Wolf Mountain officials claim The Canyons owes them around $4 million for last season. Along with rent, they’re entitled to receive $1.7 million because skier and snowboarder visits at the resort exceeded 400,000, Griswold said. American Skiing Co. disputes those figures.
"Wolf Mountain is hanging out there hoping to get paid by [The Canyons] and its financially insolvent parent," said Paul Peters, an attorney for Wolf Mountain who testified recently against American Skiing Company in Third District Court at Silver Summit.
However, the dispute about rent is not connected to American Skiing’s strength as a publicly traded company, Vetter countered.
"I saw the (rent) check yesterday," he said in an interview Thursday. "They’ve gone out and said we’re not going to pay, it’s ridiculous, we’ve paid them every penny that we’ve owed them."
Vetter rejects Peters’ claims that American Skiing Company is "in the throes of a financial hardship."
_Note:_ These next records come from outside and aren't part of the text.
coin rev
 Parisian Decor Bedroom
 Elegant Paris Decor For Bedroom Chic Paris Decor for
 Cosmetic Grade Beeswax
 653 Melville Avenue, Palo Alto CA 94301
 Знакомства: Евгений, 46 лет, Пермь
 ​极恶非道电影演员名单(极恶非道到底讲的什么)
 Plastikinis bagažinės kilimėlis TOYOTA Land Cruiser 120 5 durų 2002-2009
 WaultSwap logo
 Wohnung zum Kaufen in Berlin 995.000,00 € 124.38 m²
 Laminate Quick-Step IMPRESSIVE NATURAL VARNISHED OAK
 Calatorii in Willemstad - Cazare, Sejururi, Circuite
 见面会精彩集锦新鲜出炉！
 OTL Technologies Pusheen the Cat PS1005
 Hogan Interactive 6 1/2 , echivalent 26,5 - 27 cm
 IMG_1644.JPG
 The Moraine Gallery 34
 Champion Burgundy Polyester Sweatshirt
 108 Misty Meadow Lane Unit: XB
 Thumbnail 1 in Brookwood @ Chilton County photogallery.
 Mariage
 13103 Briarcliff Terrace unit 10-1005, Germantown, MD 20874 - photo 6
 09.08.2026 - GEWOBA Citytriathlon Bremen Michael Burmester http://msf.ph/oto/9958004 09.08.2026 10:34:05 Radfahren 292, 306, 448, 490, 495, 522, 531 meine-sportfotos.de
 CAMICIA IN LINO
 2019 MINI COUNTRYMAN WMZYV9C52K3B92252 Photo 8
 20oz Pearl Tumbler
"We’ve put a huge investment, hundreds of millions of dollars into this place, and have almost tripled the size of the resort," Vetter said. "What we will pay [Wolf] is exactly what we owe them."
Under the terms of the lease, Wolf Mountain receives extra compensation when "paid skier days" — not including those who redeem complimentary passes and others who ski at the resort without purchasing day passes exceed certain milestones, he said.
But "total skier days" at The Canyons are reported by American Skiing Company, Vetter said, adding, "There is a difference there."
"The lease says this is exactly how we have to pay Wolf," he said. "When we hit specific milestones, at increments of 100,000 skier days, Wolf Mountain gets paid an additional rent payment."
Meanwhile, Third District Court Judge Bruce Lubeck Wednesday postponed a hearing for American Skiing Company to request a temporary restraining order to prevent Wolf Mountain from terminating the lease at The Canyons, Vetter said.
"American Skiing Company has restated and amended our lease without authority," Griswold recently told The Park Record.
American Skiing violated its lease with Wolf Mountain when a $110 million leasehold mortgage was placed on the property, Griswold said.
But American Skiing has complied with the lease, according to Vetter.
"We’re not in default and we’re going to ask the court to rule on that," he said.
Both sides could argue their cases in the Snyderville courtroom Oct. 12 at 9 a.m.